START Given data

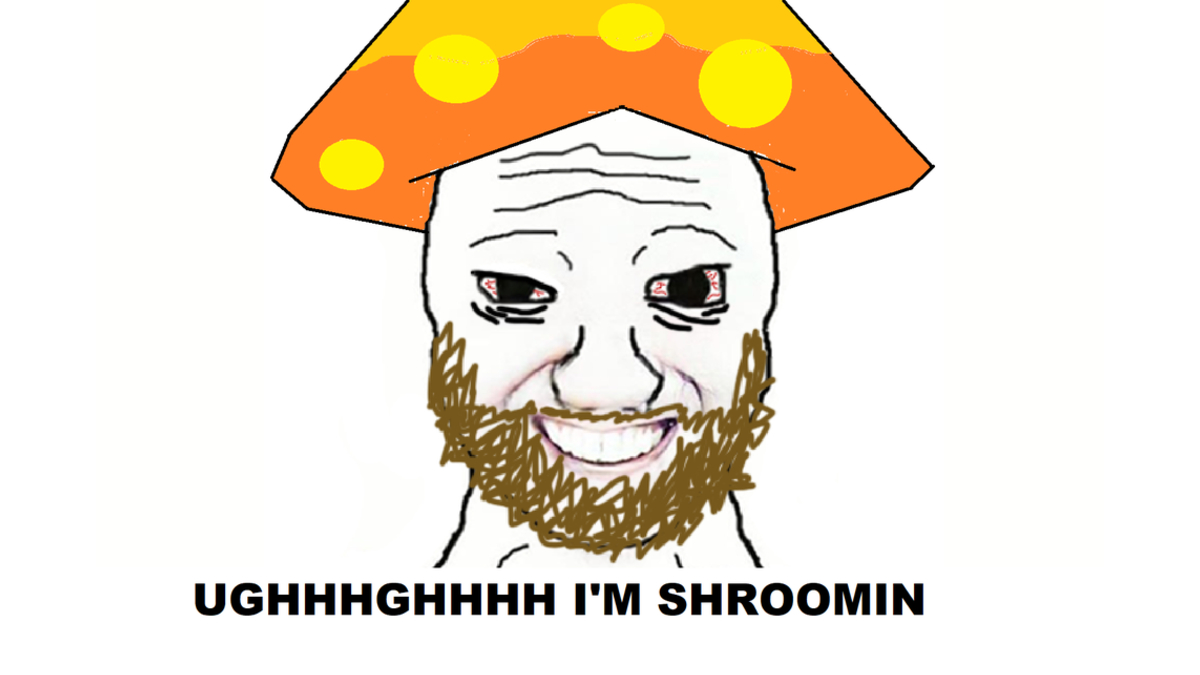 covershroomer.jpg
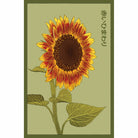 Red Sunflower Flower Seeds Packet - Chive UK Wholesale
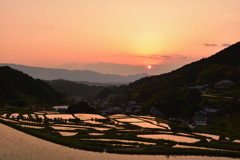 飛鳥の夕景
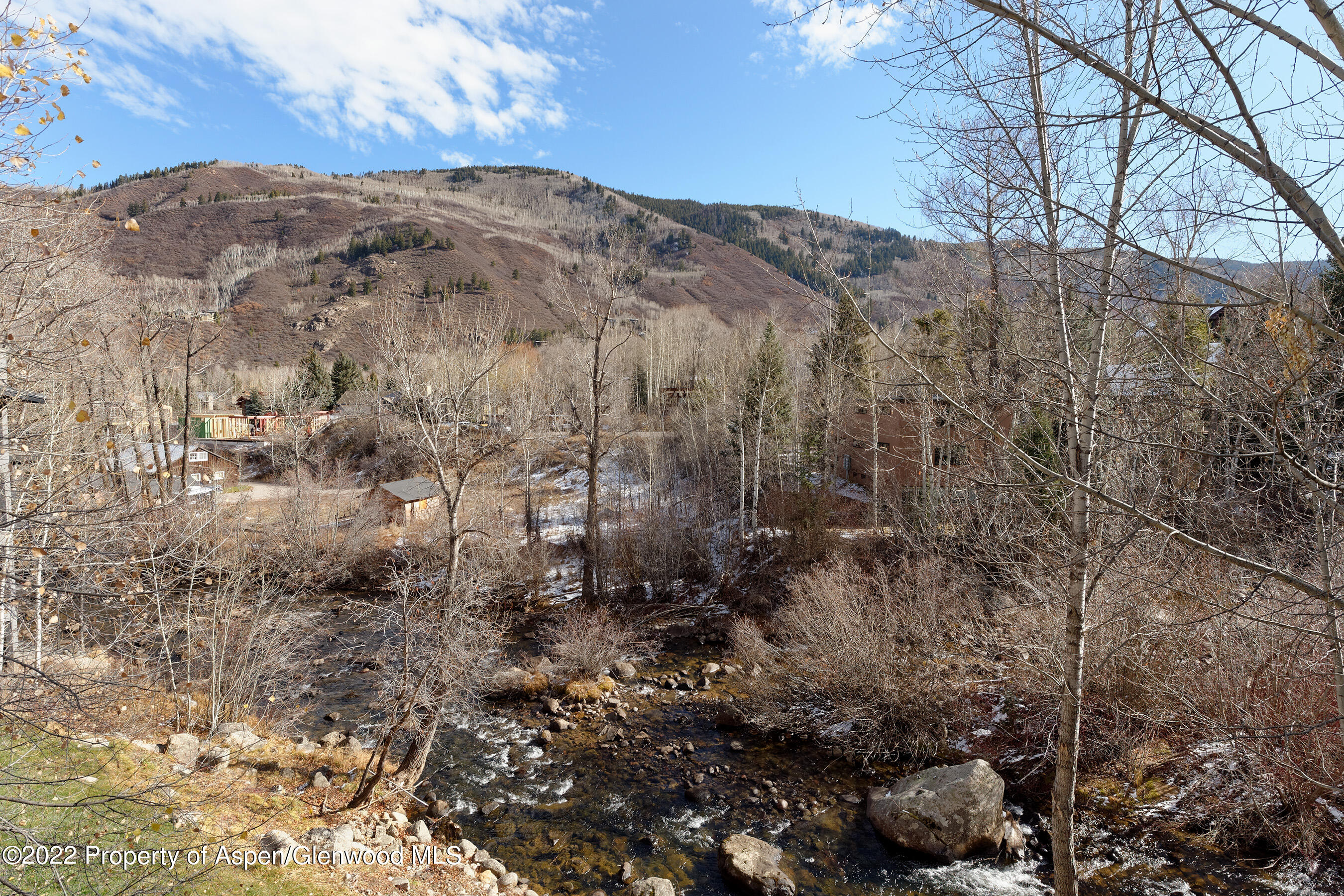 1035 E Durant Avenue Aspen CO 81611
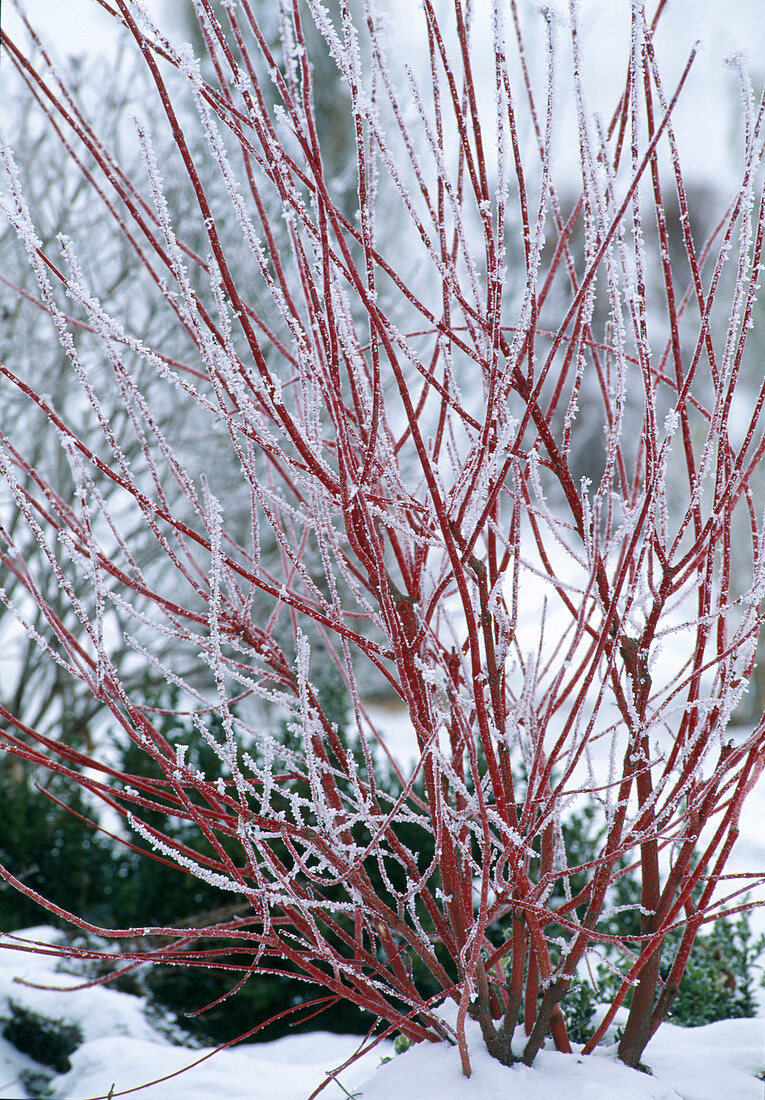 Cornus alba mit roter Rinde im Rauhreif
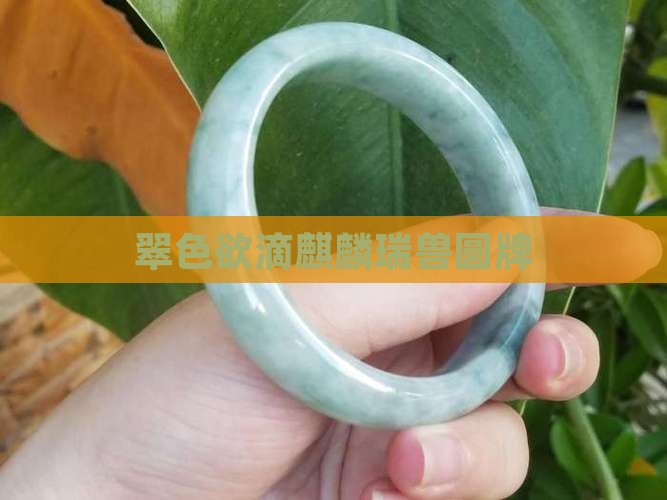 翠色欲滴麒麟瑞兽圆牌
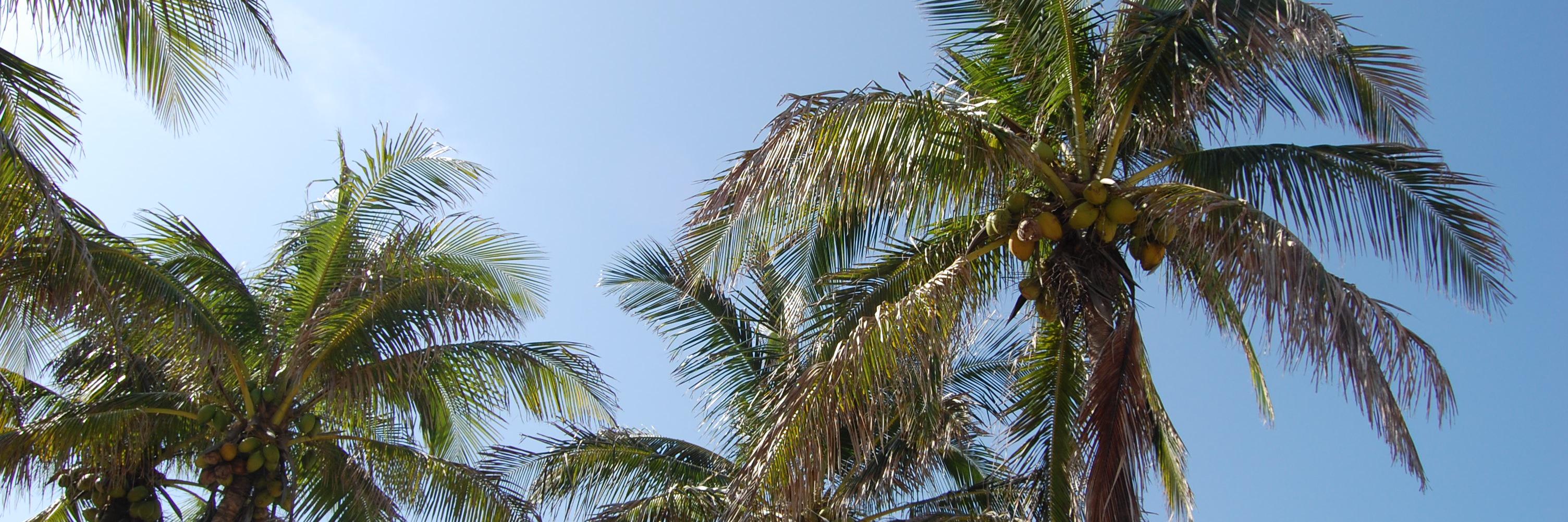 Michele E. Ewing banner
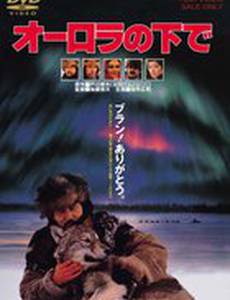 Под северным сиянием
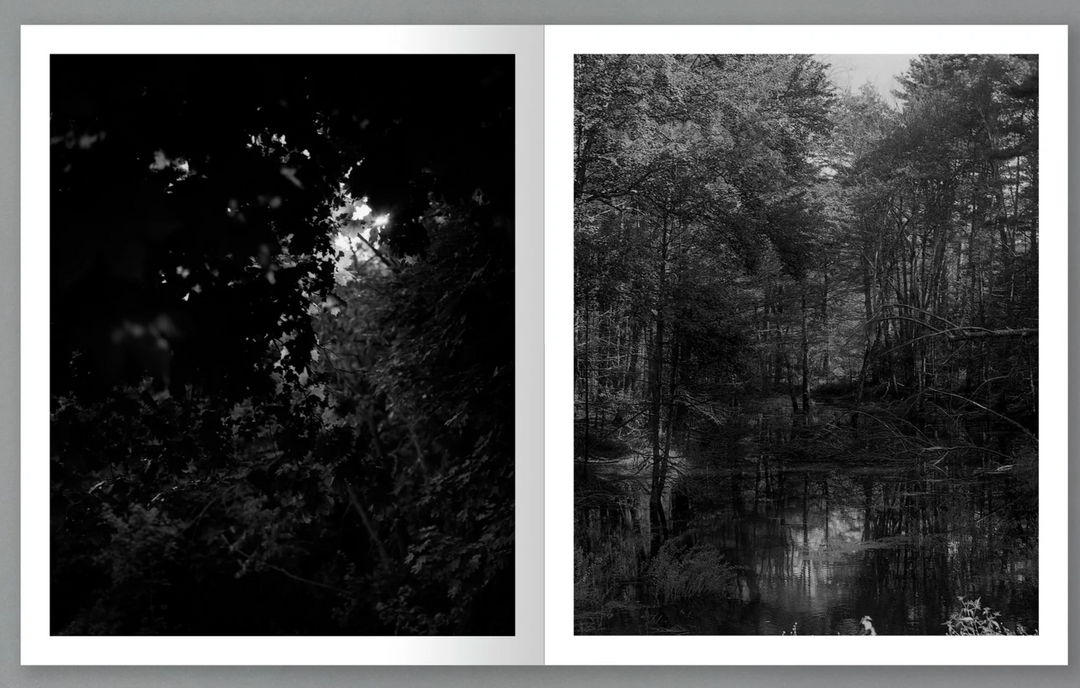 アート・デザイン・音楽 LET ME SOW LOVE / ROGER RICHARDSON アート・デザイン・音楽 LET ME SOW LOVE / ROGER RICHARDSON Special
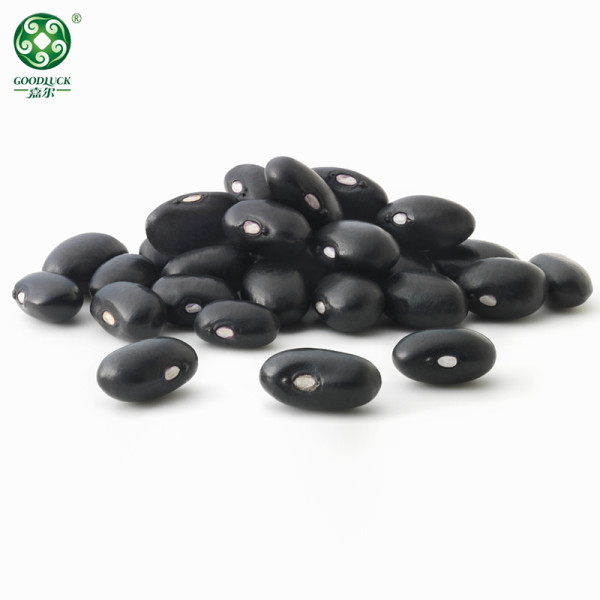 Hot-Sale On Long Shape Dried Black Kidney Beans At Wholesale Price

END Given data

**Exercise:**
Would you transcribe, exactly and only, the lines from the one that contains "Cornus alba mit roter Rinde im Rauhreif" through the last line of the data above, without any pictures?

**Task response:**
 Cornus alba mit roter Rinde im Rauhreif
 翠色欲滴麒麟瑞兽圆牌
 Michele E. Ewing banner
 Под северным сиянием
 アート・デザイン・音楽 LET ME SOW LOVE / ROGER RICHARDSON アート・デザイン・音楽 LET ME SOW LOVE / ROGER RICHARDSON Special
 Hot-Sale On Long Shape Dried Black Kidney Beans At Wholesale Price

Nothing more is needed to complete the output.